**EXERCISE DIRECTIONS**
When you reach the line containing "Goethestrasse Appartements Χάμελν", repeat that line and each one after it exactly until the records end, leaving out pictures.
*** SUPPLIED DATA ***
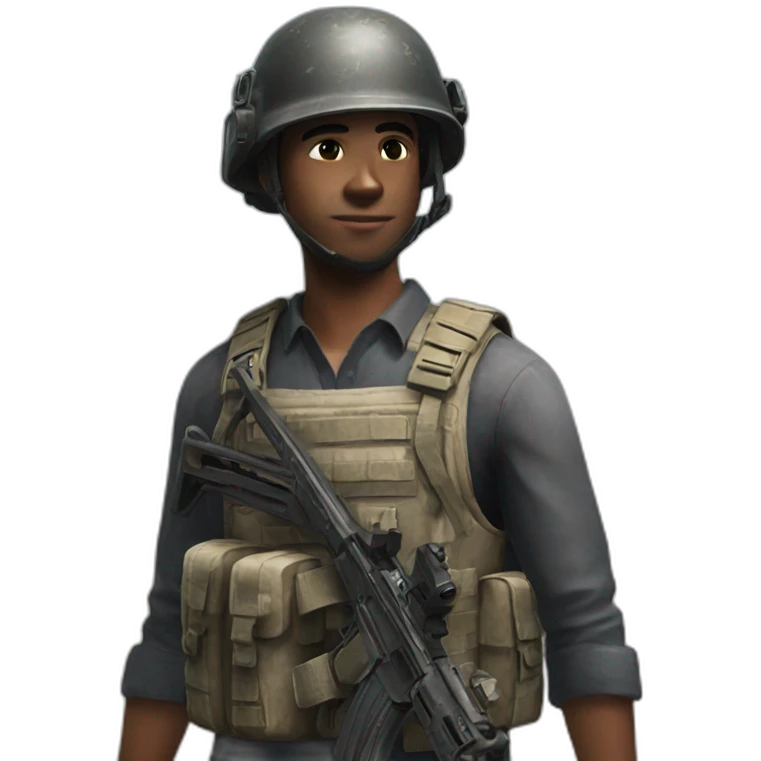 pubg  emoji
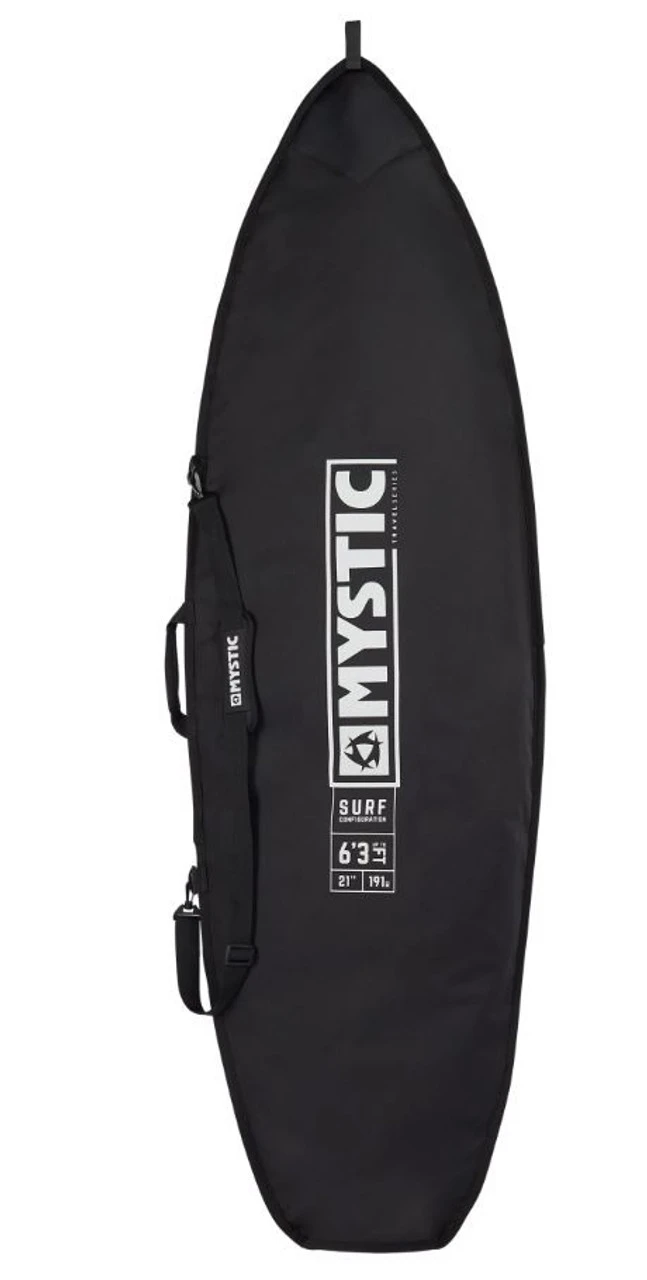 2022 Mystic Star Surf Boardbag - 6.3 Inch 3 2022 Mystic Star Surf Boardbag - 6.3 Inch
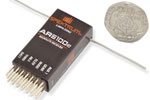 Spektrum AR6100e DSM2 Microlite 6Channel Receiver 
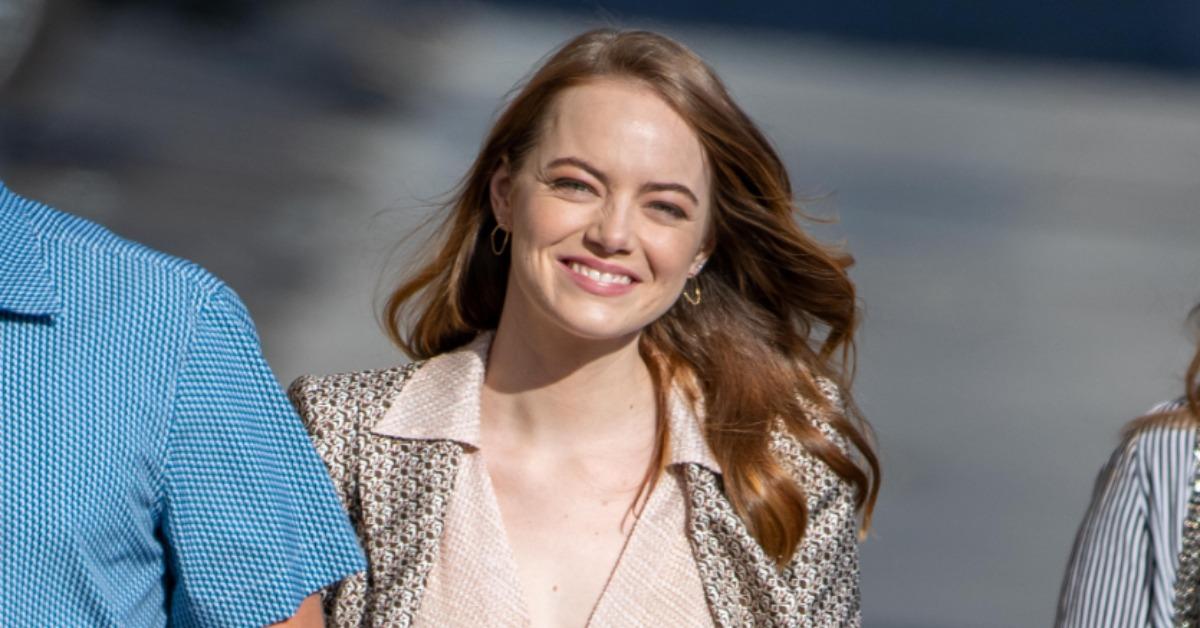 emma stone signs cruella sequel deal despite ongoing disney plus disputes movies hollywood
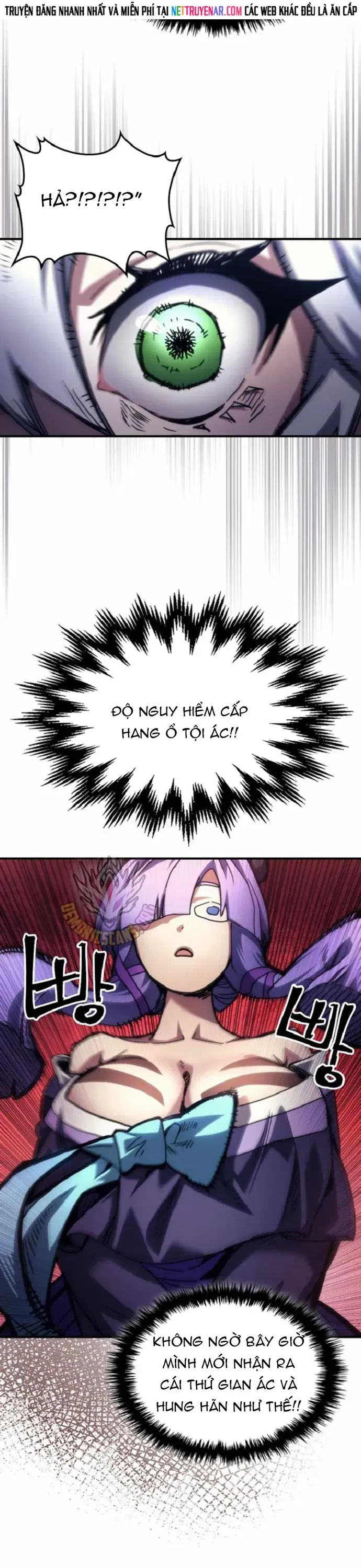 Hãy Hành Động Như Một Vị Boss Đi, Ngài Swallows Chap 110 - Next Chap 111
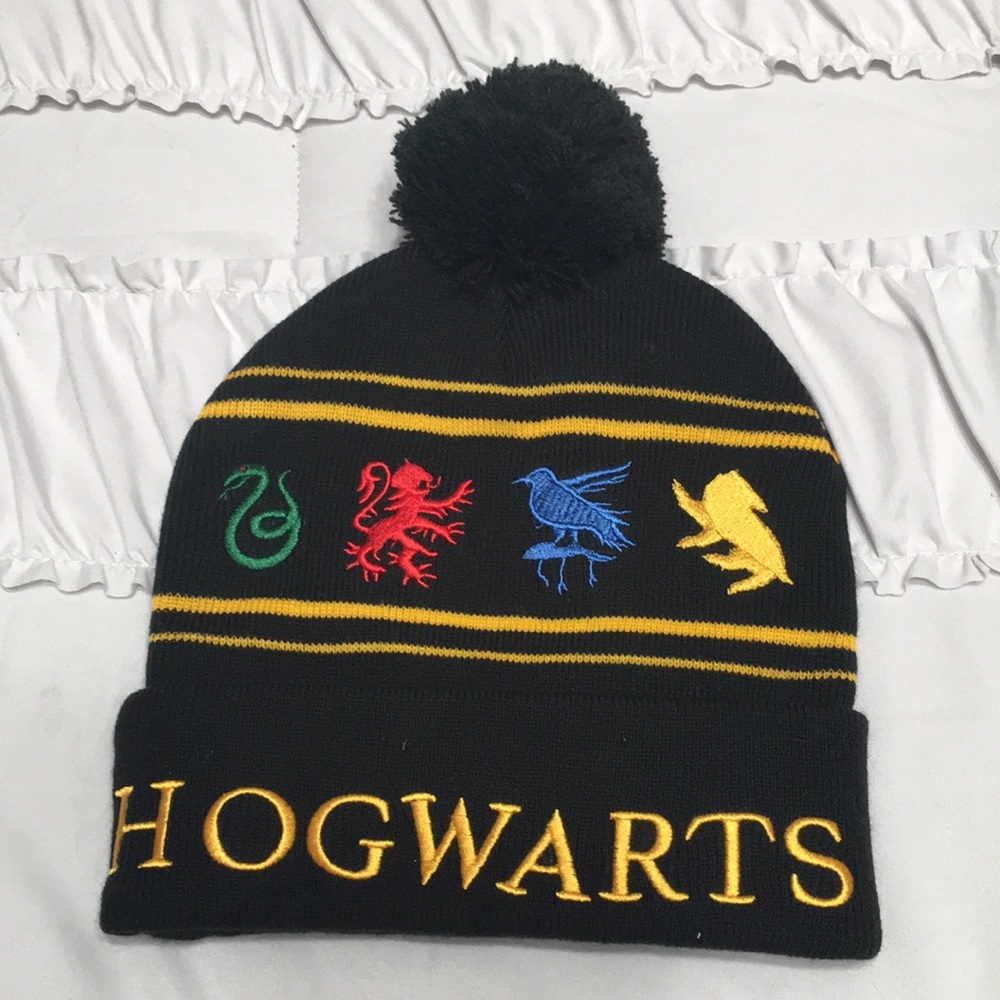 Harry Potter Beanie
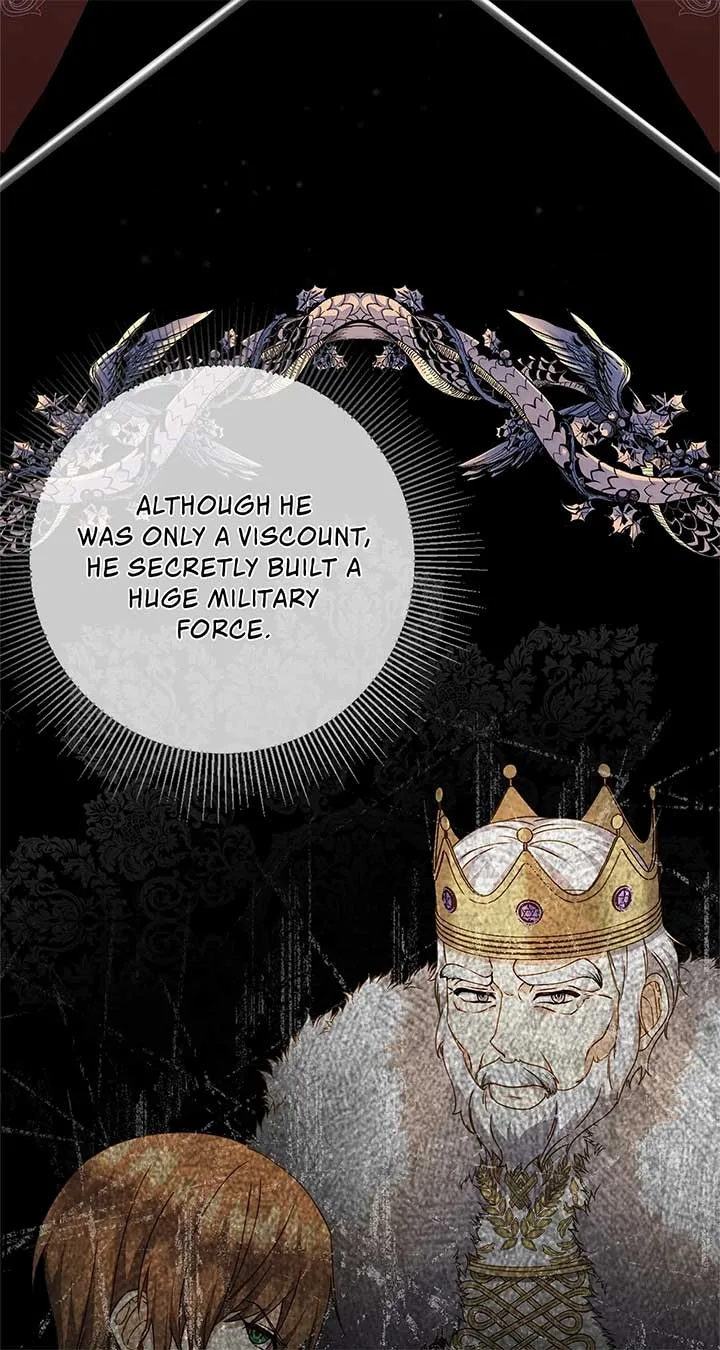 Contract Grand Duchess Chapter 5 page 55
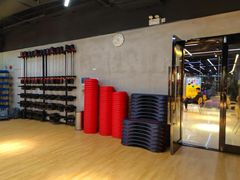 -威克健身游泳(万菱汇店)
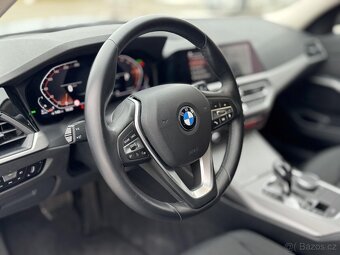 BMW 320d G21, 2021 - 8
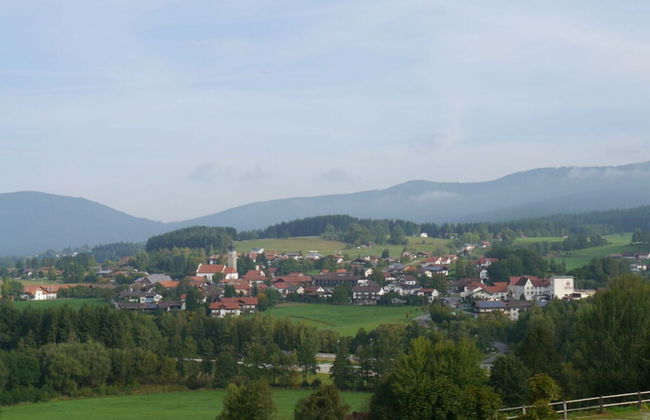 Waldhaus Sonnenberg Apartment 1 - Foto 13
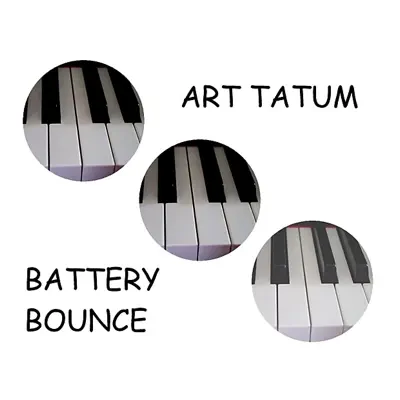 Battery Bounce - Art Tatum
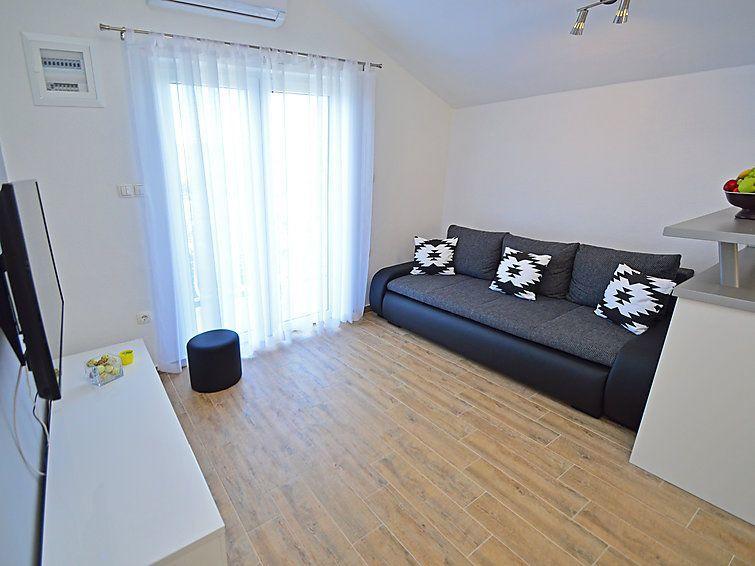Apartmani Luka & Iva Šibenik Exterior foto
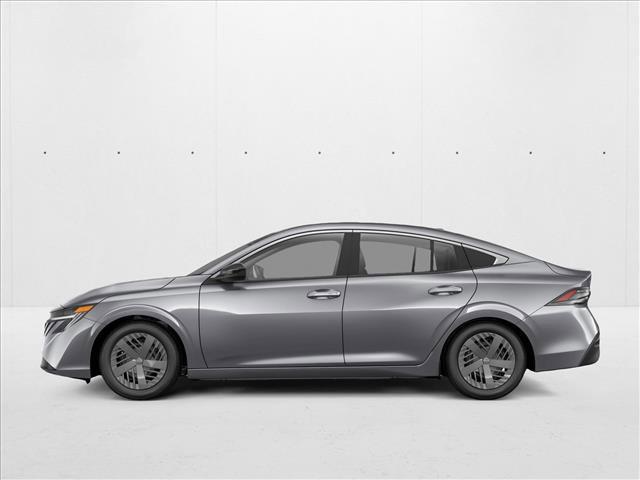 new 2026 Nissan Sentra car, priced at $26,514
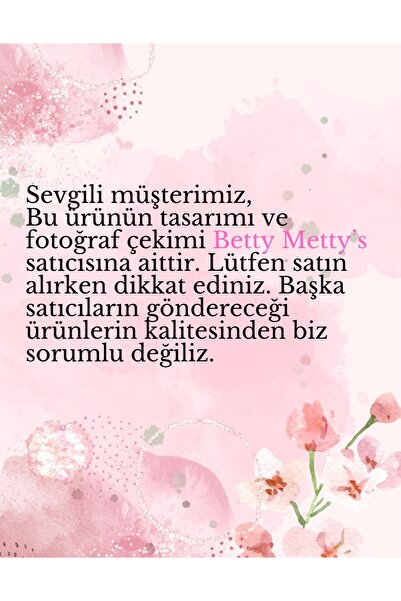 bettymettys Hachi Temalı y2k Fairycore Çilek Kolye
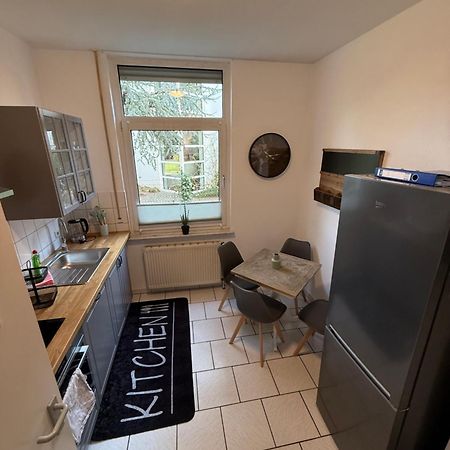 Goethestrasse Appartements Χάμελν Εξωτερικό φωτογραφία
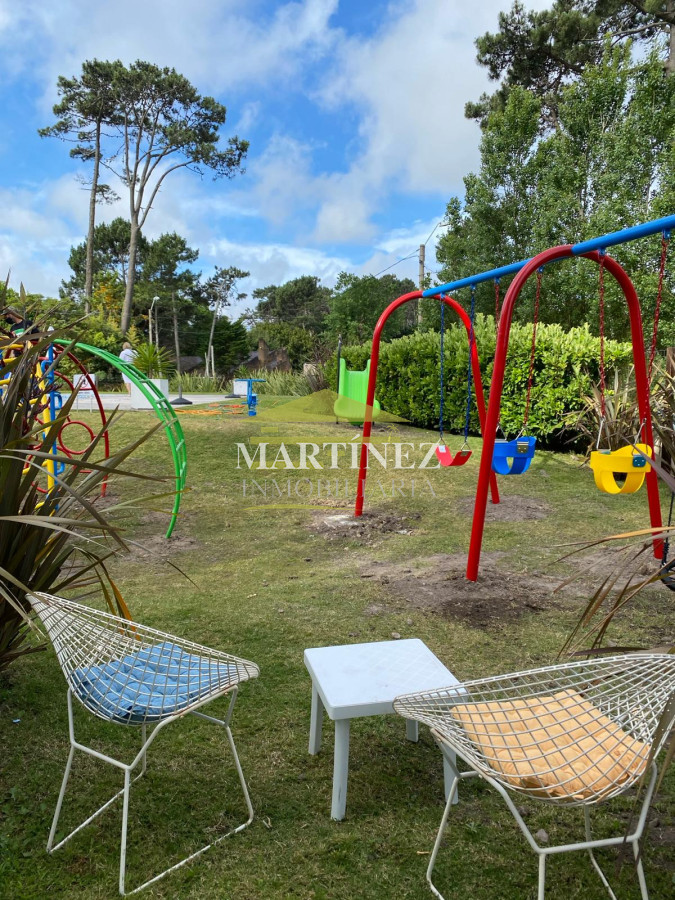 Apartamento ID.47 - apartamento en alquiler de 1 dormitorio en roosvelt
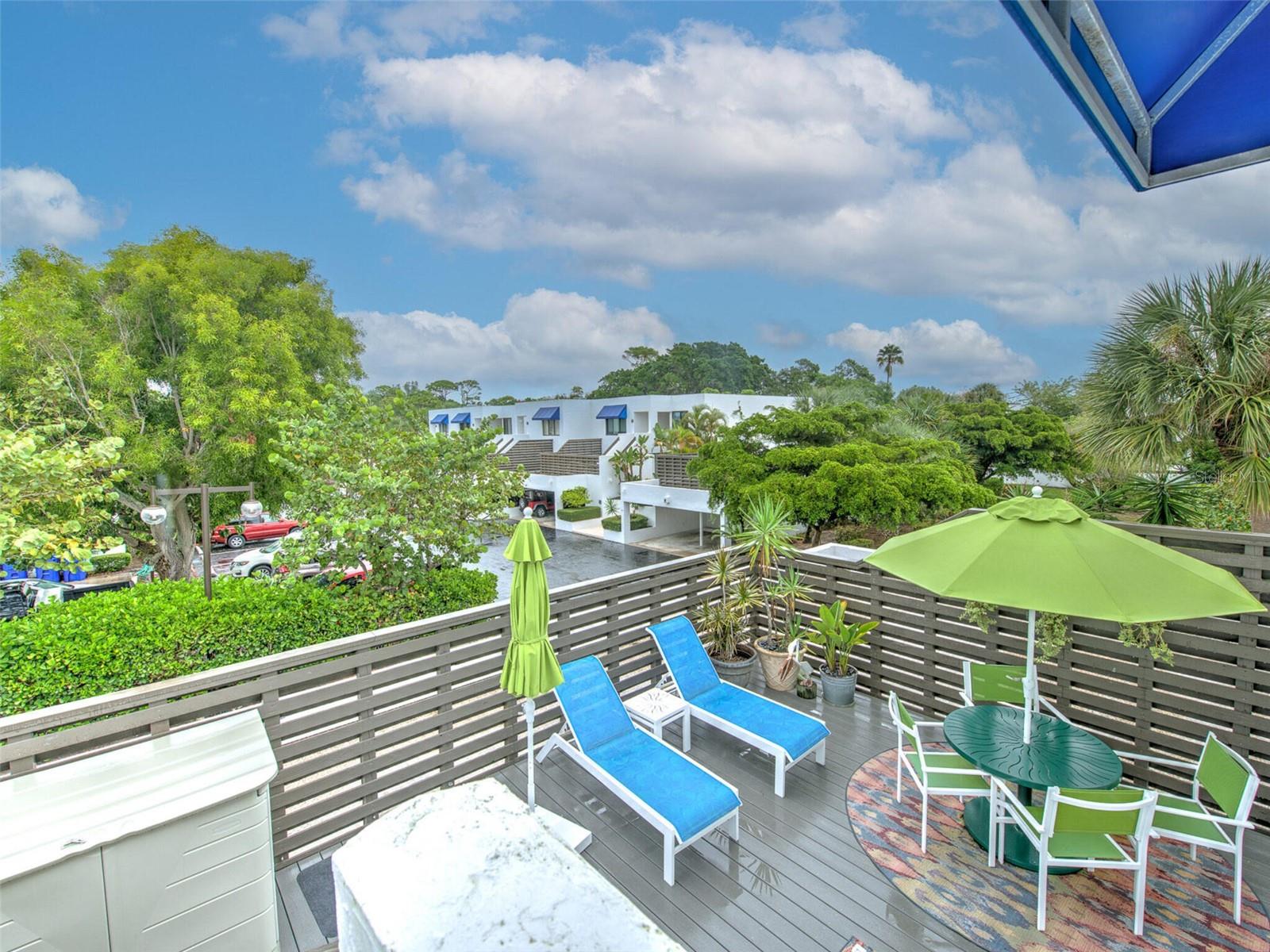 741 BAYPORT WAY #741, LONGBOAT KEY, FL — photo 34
***
**RESULT OF THIS TASK**
 Goethestrasse Appartements Χάμελν Εξωτερικό φωτογραφία
 Apartamento ID.47 - apartamento en alquiler de 1 dormitorio en roosvelt
 741 BAYPORT WAY #741, LONGBOAT KEY, FL — photo 34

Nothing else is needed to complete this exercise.